Having got to the second half of its tenure, the Narendra Modi government is beginning to flex its reformist muscles. Two more radical proposals have been delivered during Budget week. First was the idea floated in the Budget of reforming the funding of political parties. Like demonetisation, it makes cash an outlaw but cheques and bonds respectable. That will be subject to much debate but it is about politicians, not people.
The Economic Survey has proposed a radical step, of instituting Universal Basic Income. If implemented, it would touch many lives. This would be an entitlement to specific groups in the form of direct cash transfer in place of the many subsidies which are capable of being misused and often miss the target. It is not yet a policy, only a proposal for discussion.
Firstly, let me say that it is a mistake to call it Universal Basic Income. It can never be universal, i.e. given to 100 per cent of the population. The crorepatis are undeserving. Nor can it be large enough to be income, obviating the need to work. It should be called Targeted Basic Allowance.
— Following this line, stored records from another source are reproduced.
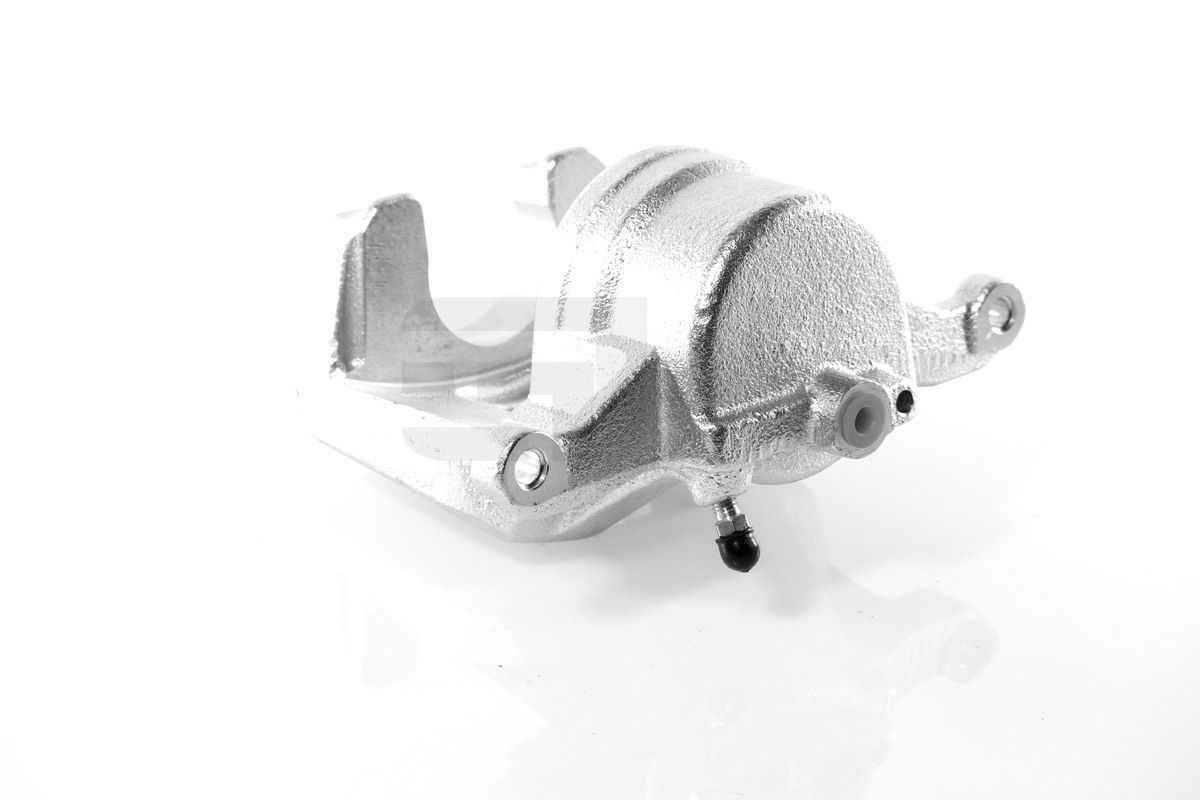 Stabdžių apkaba GH GH-436300H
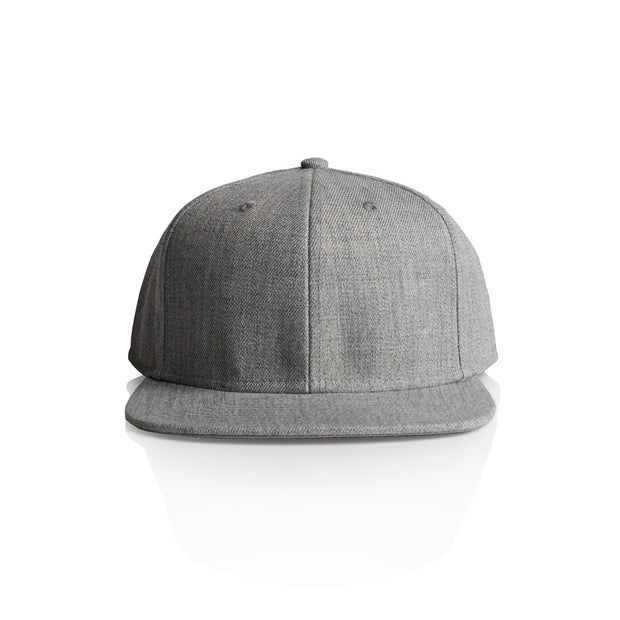 Stock Cap | 1100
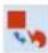 BERNINA Embroidery Software 9 Creator - Barre d'outils Parcourir - 4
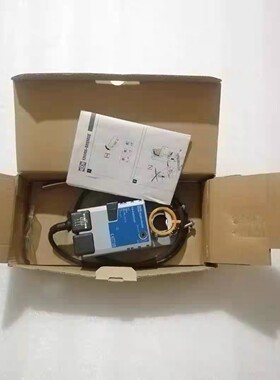 KNORR-BREMSE电动风门风阀执行器KB-646D询价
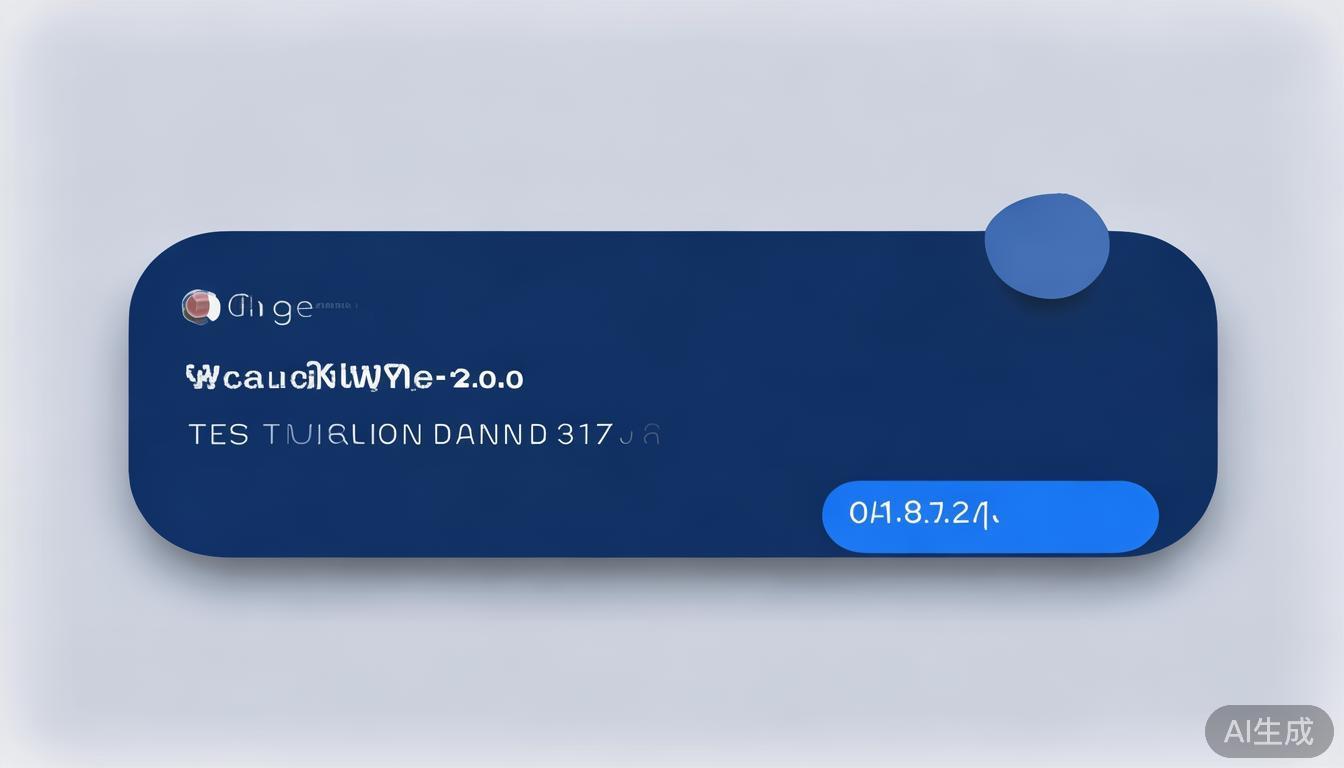 imToken钱包官网：获取最新消息，保障资金安全的重要途径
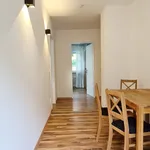 Miete 5 Schlafzimmer wohnung von 91 m² in Augsburg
Even then, there are problems.
It would have to replace all existing subsidies — food, PDS, the MNREGA, fertiliser. Together these subsidies take up around 3 per cent of the GDP. Evenly distributed to, say, the bottom 30 per cent, the 3 per cent would give each individual one tenth of the per capita GDP or around Rs 10,000 per year. The Economic Survey proposes that 5 per cent of the GDP could be spared for the scheme. If so, you can either extend the scheme to the bottom 50 per cent of the population, or give more to the bottom 30 per cent — up to one-sixth of per capita GDP — about Rs 16,500. The Survey says only the top 25 per cent should be excluded. Then each individual in the bottom 75 per cent would get Rs 6,500. The larger the section of the population covered, the less there is for each.
It won’t be easy. It is one thing to give free money to the poorest, be it 20 per cent or 30 per cent. But giving it to as many as three-quarters of the population may lead to some opposition. People could object to giving money to the not-so-poor. For any cut-off point you choose, those just above will become unhappy. They may even have an incentive to ‘impoverish’ themselves to deserve the supplement.
Anyone who becomes better off and loses the allowance would feel deprived.
The difficulty of all such schemes is that once you have started, there is constant pressure to increase the size of the entitlement and the extent of coverage. If you begin with the lowest 30 per cent and give Rs 16,500, you can get them all out of poverty. If they are also working they may soon be out of the bottom 30 per cent and lose the entitlement. So it is difficult to use income as an indicator of entitlement. We should also avoid using criteria which may invite cheating. Entitlement has to be based on criteria which cannot be gamed.
I would propose that the allowance should be paid to women only. They constitute almost half the population. Many cannot earn as they have to look after their families. When they work for wages, they are underpaid. The criterion cannot be gamed.
It would revolutionise Indian society.